A = 5 resonance parameters:

The resonance parameters tabulated here are based on comprehensive multichannel R-matrix analyses of reactions in the 5He and 5Li systems (Hale, Dodder and Witte, private communication


For a discussion of the methods used and earlier results, see G.M. Hale and D.C. Dodder, Proc. Int. Conf. on Nuclear Cross Sections for Technology, Knoxville, TN 1979, Eds. J.L. Fowler, C.H. Johnson and C.D. Bowman (NBS Special Publication 594) p.650.).

These analyses include data from all possible reactions for the two-body channels d + t (or d + 3He in the case of 5Li) and N + 4He at cm energies corresponding to Ex < 23 MeV. In addition, N + 4He* channels are included to approximate the effects of three-body breakup processes. The fits obtained to the measurements for the two-body reactions are generally quite good. In the 5He analysis, for example, the χ2 per degree of freedom for the fit is 1.6, and it includes more than 2600 data points. Similar results were obtained for the 5Li analysis, which includes even more data.

The level information has been obtained from the A = 5 R-matrix parameters using two different prescriptions, given in separate tables. The recommended prescription, called the "extended" R-matrix method (1987HA20, 1997CS01), comes from the complex poles and residues of the S matrix. This prescription has been found to give resonance parameters that are free, both formally and practically, of all dependence on the "geometric" parameters of R-matrix theory, such as boundary conditions and channel radii. The parameters are listed in Table 5.1 preview 5.1 (in PDF or PS) for 5He and in Table 5.3 preview 5.3 (in PDF or PS) for 5Li. Positions and widths for the lowest two A = 5 states have already been given in (1997CS01), and for the second excited state of 5He (3/2+) in (1987HA20), using this prescription.

For comparison, we also list in Table 5.2 preview 5.2 (in PDF or PS) and Table 5.4 preview 5.4 (in PDF or PS) the more standard R-matrix resonance parameters that were used in the A = 4 level compilation (1992TI02), as defined in the Appendix there. This multi-level generalization of the single-level resonance prescription given by Lane and Thomas (1958LA73) is based on the real poles and residues of the "resonant" reactance matrix (KR), which, because it is not truly an asymptotic quantity as is the S matrix, retains dependence on the channel radii, and on the specification of the "non-resonant" phase shift. Our prescription is based on the usual assumption that the non-resonant phase shifts are the "hard-sphere" phases associated with the complete reflection of ingoing waves at the nuclear surface.

The single-level prescription of Lane and Thomas was used recently by Barker (1997BA72) to obtain an interpretation of the behavior of the cross sections near the Jπ = 3/2+ resonance in A = 5 equivalent to that of the complex S-matrix pole and shadow pole description of (1987HA20).

A comparison of the tables for a given system shows that the resonance parameters from the two prescriptions can be quite different, however.

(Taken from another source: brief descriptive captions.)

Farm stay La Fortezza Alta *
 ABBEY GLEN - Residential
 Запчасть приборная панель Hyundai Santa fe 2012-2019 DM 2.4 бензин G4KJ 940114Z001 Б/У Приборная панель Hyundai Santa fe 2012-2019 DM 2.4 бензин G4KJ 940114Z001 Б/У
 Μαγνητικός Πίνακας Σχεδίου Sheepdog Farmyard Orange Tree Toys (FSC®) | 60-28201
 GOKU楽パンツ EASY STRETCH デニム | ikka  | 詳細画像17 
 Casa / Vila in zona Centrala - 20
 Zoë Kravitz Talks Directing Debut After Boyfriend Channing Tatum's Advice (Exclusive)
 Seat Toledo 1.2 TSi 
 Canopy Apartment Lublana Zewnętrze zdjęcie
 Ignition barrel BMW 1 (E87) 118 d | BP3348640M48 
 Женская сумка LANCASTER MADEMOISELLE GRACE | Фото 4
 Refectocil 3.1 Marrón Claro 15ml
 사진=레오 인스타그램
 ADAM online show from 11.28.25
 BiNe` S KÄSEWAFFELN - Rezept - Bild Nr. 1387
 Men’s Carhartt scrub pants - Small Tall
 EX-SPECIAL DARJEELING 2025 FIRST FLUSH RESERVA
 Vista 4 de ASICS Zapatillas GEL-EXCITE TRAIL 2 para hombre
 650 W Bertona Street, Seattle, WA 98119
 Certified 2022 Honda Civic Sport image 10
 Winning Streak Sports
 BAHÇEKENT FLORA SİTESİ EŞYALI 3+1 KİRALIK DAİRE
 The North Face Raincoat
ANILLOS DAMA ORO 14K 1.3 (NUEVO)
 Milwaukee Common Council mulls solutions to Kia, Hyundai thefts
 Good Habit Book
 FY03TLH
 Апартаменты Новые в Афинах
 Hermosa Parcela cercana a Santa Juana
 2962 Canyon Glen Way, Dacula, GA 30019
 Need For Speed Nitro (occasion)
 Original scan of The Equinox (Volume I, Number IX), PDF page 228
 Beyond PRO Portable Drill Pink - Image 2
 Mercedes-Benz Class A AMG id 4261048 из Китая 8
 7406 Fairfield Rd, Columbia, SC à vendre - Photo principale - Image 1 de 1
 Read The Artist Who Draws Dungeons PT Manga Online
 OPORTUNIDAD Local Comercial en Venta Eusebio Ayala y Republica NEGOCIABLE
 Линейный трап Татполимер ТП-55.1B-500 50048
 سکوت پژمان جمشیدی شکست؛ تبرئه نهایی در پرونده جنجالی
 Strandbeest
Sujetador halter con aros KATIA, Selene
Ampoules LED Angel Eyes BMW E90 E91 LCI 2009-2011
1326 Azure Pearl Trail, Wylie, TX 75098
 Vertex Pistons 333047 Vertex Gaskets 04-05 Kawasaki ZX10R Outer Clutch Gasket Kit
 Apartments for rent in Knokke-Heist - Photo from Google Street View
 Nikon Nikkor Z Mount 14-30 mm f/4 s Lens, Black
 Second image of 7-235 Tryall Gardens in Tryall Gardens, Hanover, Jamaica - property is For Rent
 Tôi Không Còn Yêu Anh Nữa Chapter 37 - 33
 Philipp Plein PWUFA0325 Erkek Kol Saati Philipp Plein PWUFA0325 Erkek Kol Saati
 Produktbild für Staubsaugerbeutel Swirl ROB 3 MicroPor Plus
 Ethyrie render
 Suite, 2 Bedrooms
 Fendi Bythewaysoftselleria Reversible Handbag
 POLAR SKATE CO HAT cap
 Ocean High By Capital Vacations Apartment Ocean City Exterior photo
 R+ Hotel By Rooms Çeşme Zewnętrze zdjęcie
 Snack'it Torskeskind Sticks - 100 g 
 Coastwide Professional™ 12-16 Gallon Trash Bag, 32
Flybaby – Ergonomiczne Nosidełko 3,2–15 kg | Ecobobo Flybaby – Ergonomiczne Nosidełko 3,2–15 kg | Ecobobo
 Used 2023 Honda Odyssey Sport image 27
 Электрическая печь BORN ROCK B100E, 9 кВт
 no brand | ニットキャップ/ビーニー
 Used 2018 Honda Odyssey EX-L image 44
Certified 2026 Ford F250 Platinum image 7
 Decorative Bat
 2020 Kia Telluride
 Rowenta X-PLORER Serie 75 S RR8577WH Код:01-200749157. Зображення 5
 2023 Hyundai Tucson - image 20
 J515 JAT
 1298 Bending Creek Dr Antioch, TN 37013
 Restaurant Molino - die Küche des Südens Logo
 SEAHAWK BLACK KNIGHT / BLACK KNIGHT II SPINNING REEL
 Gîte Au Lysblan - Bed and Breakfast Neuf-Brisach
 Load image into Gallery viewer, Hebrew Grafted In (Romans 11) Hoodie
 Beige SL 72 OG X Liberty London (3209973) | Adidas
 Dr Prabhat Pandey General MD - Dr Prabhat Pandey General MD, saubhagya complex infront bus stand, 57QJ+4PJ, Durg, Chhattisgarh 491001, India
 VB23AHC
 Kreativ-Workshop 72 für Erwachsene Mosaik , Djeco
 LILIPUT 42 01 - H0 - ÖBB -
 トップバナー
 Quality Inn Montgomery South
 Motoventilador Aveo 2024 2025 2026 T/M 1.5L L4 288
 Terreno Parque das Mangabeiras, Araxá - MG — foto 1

The widths for the resonant reactance-matrix pole prescription tend to be much larger than those of the S-matrix pole prescription, and they do not usually correspond with the experimental values. For that reason, reaction numbers were not given in the Table 5.2 preview 5.2 (in PDF or PS) and Table 5.4 preview 5.4 (in PDF or PS) listing the KR-based parameters, as defined in (1992TI02).

In some cases, resonances seen using the recommended method are not present in the usual prescription, even though the input R-matrix parameters are identically the same. These differences, which are most evident for light systems having broad resonances, stem from the fact that the resonant K-matrix prescription is based on the apparent positions of the S-matrix poles as seen from the real axis of the physical sheet. For broad resonances, as is known from the complex-eigenvalue expansion of the level matrix (1958LA73), the apparent pole positions can change rapidly (or even disappear entirely) as the vantage point is varied, causing significant differences with the actual positions (and residues) of the poles in the complex energy plane.